We sat down to a meal of a whole fresh fish (to be shared), caught that day in the surf.  It was sitting on a type of egg and corn fritter.  There were slices of breadfruit, dalo (taro root), fresh papaya, and a shredded and cooked cabbage dish that was savory.  This was a special meal for us.  The blessing was said after the meal by the assistant catechist.

As it was time to return home, Petero called out to us to have more kava until the boat was there for us.  But the boat was ready, so Elia (the head man) and Petero walked us back to the beach.

“Do you recognize that tree?” asked Elia.  I guessed a willow.  “Sandalwood. The oil is in every type of perfume and is very valuable.  It takes 25 years for the tree to mature enough and the oil comes from the wood of the tree trunk. It will be a future for our village.”

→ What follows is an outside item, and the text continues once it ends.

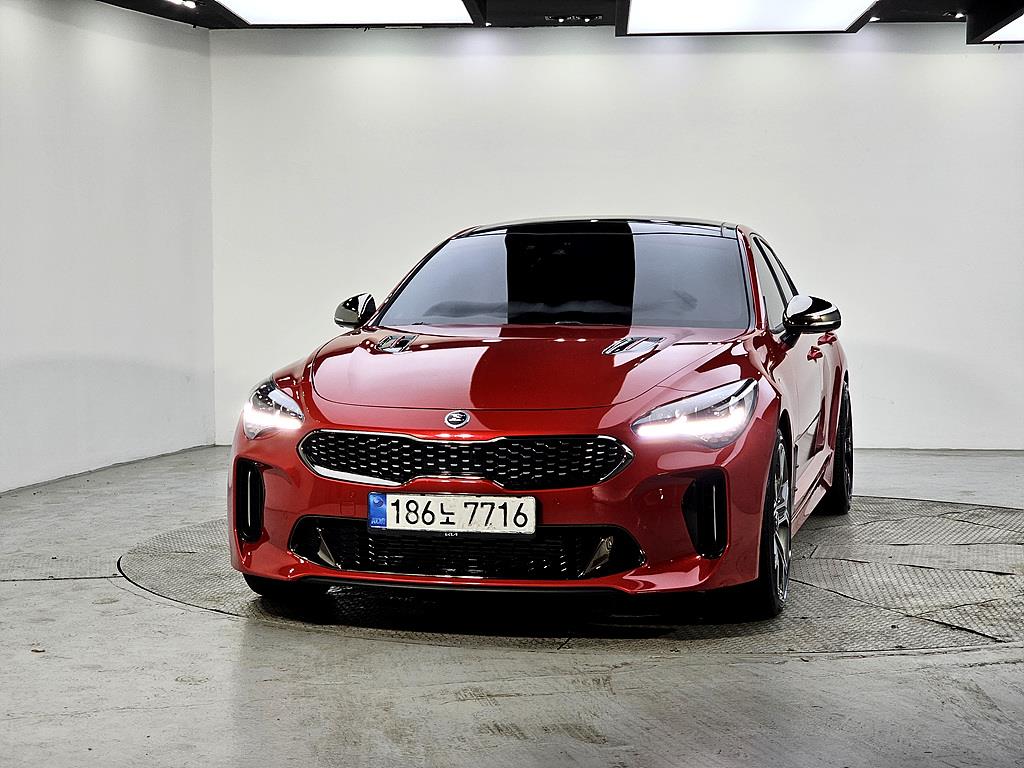 KIA Stinger 2018 Rojo - Importación desde Corea - HF Imports Iquique - Foto 1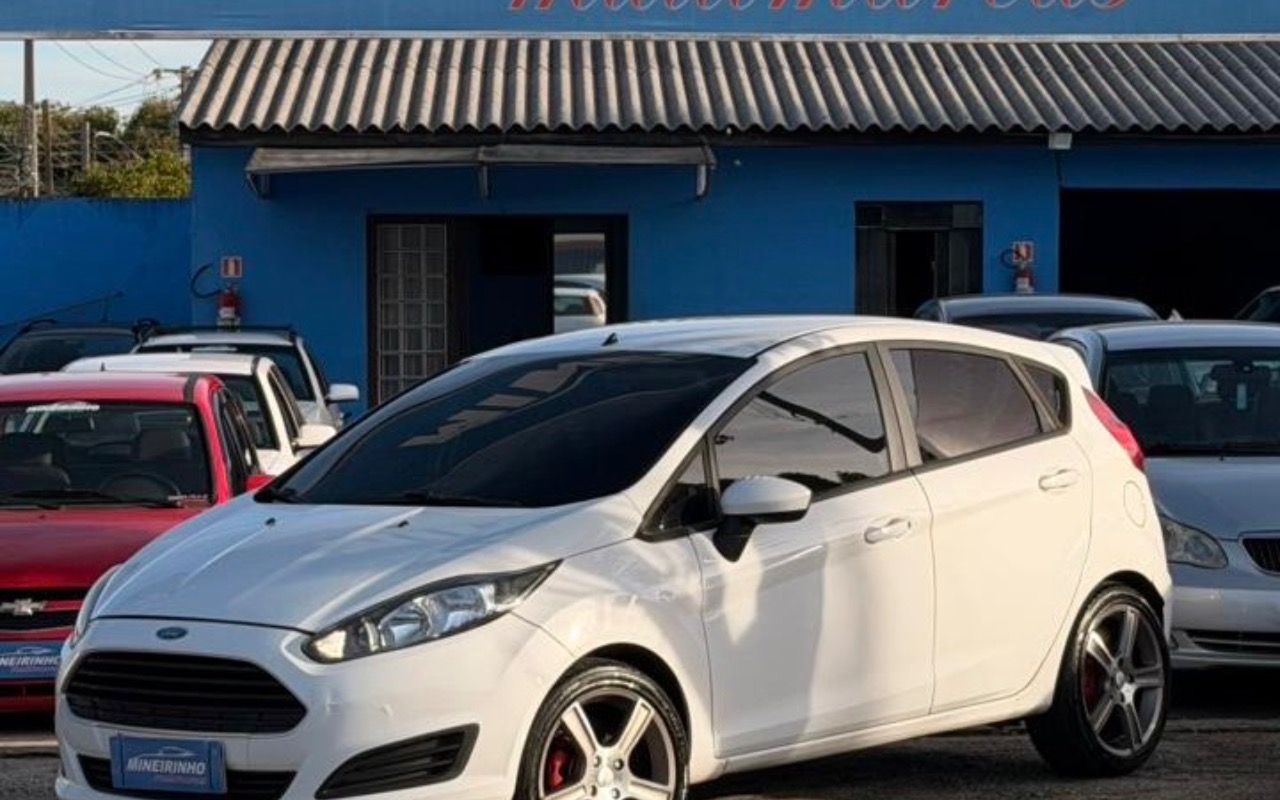 Ford Fiesta 1.5 16V Flex Mec. 5p na cor Branco em Pinhais / PR - 1022291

As we walked by a corrugated metal building, Elia said “that is our community center.  We hold our meetings there.”

“How often do you meet?”

“Once a month”

“Do you have a set agenda?”

“Yes.  We cover village issues and the status of money.”

As we left the shore in the boat.  Elia and Petro were standing under a century-old rain tree.  “Don’t forget us,” Elia said.  “When you come back you can help us celebrate the new church.  Don’t forget us.”

“I won’t.”

“Vinaka Vakalevu” to the amazing people in this village and all of the people I have met.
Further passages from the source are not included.